I too drooled heavily when the eZ80 was released, and I did some
commercial designs based on it, specifically the eZ80F91. The C
compiler was pretty good, and they initially shipped a very capable RTOS
based on XINU, complete with an IP stack, which I used in the products
that I designed. All of that software supported the extended (24-bit)
addressing.

But while the compiler itself was good, the overall tool environment
was pretty awful and poorly supported. Then, they made a mask change to
the IC that made their ($400!) programming tool stop working, forcing me
to either purchase a new one or kill the products. Then they replaced
the XINU-based RTOS with an in-house-written clone of it, due to some
legal dispute. The clone was well-conceived, but raw and buggy. That
was the beginning of the end.

Then they changed the mask again, introducing more
incompatibilities...that was the last straw, and as I had just started
exploring ARM at that time, I accelerated that process and moved
entirely to ARM at that point. This was around 2006. I've been making
a living as an ARM embedded hardware and firmware developer since then,
but since the NVIDIA drama threw that world's future into doubt, I now
have a RISC-V board on my desk.

Anyway, the eZ80 is a very fast (50MHz!) extended Z80 implementation
with lots of on-chip peripherals, chip-select generators, etc. The
eZ80F91 has an on-chip Ethernet controller. CP/M was ported to it many
years ago. Building a board around it would be pretty neat, but you'd
need those programming dongles, and it's a surface-mount chip, which
many people seem to have an irrational fear of.

The Z180 family is also rather nice, but not quite as featureful as
the eZ80, and is available in a few different packages. No direct
through-hole, but there are PLCC implementations, for which through-hole
sockets are available.

Several years ago I got a really good deal on two trays (a few
hundred) Z182 ICs in TQFP packages.

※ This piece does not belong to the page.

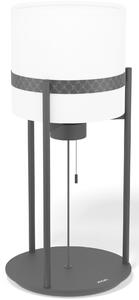 JOOP Lampa de masa ROUND LIGHTS negru 21,5/52 cm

I designed an SBC around that chip,
and ported CamelFORTH and standalone MBASIC to it, just as change of
scenery. (this is what I do instead of "vacationing") There's an IDE
interface on that board, so I will eventually write a CP/M BIOS for it.

Anyway, good chips, but I would probably avoid the eZ80 family
because of the awful tool ecosystem. The Z180 family is at least
everywhere in huge volumes, so there's less risk of chip unavailability.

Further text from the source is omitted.